5 Worst ETFs Of 2019

5 Worst ETFs Of 2019

It's been a great year for stocks. For gold, too. And plenty of corners of the bond market as well.

When it comes to equities, the S&P 500 is on pace for its best annual showing since 1997.

With that in mind, this year's equity market bullishness means the laggards, be they individual stocks or exchange trade funds, stand out for all the wrong reasons.

In the world of ETFs, there were some laggards to be sure, many of which provide exposure to niche market segments or industries that are imperiled. Still, some of this year's worst ETFs may offer investors rebound potential in 2020.

In searching for this year's worst offenders among ETFs, we used a similar methodology as we did with this year's best ETFs list, stripping out leveraged funds. Here, we started with a universe of ETFs that lost at least 20% this year.

The following are five of this year's worst-performing ETFs.

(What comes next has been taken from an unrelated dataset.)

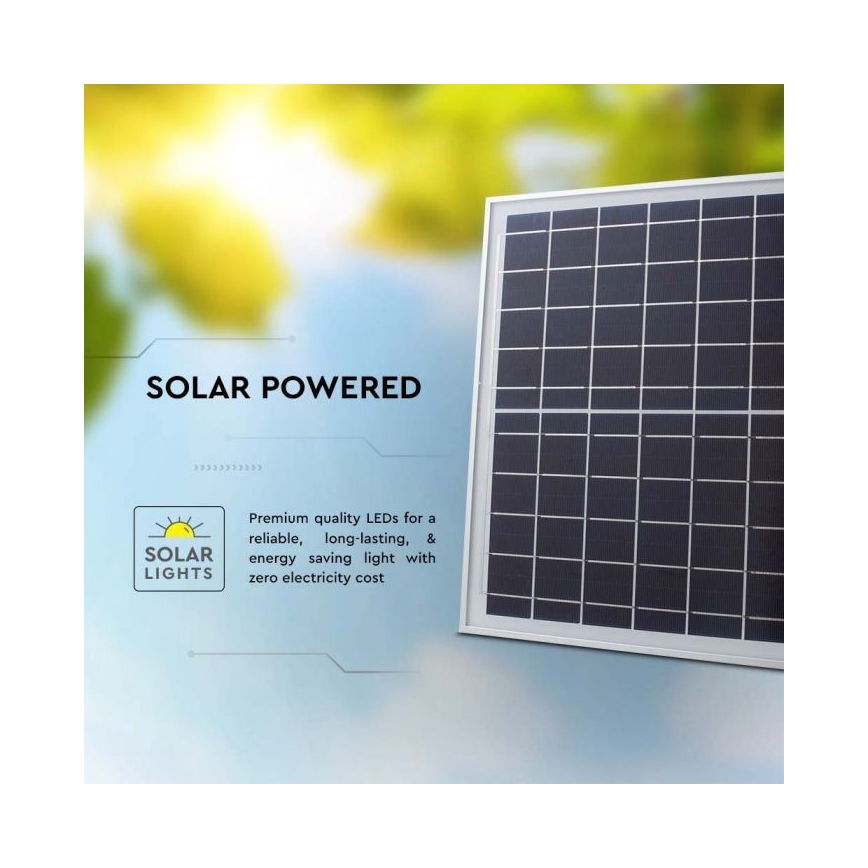 Proyector solar LED para exterior LED/12W/3,2V IP65 6400K + control remoto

VanEck Vectors Coal ETF (KOL)

The VanEck Vectors Coal ETF KOL is lower by 21.57% this year, while the S&P 500 Materials Index is higher by 21%. Making matters worse for coal equities is that their ongoing weakness is accruing while alternative energy stocks are surging.

Compounding KOL's woes is that many institutional investors, namely endowments and pension plans, are ditching fossil fuel equities.

“Environmental groups have targeted major firms and asset managers to end fossil fuel investment in a bid to help combat global warming,” according to S&P Global Market Intelligence.

“Asset manager Octopus Group wrote in an October report that 100 institutional investors globally are planning to increase their renewable energy investments to 5.2% within 12 months and by 10.9% by 2029. They are expecting to nearly triple their divestment from fossil fuels during that period.”

ETFMG Alternative Harvest ETF (MJ)

There are now eight cannabis exchange traded products listed in the U.S. and, excluding the pair that debuted earlier this month, any of the remaining six would qualify to be on the list of 2019's worst ETFs. That's saying something, because five of those six funds debuted in April or later.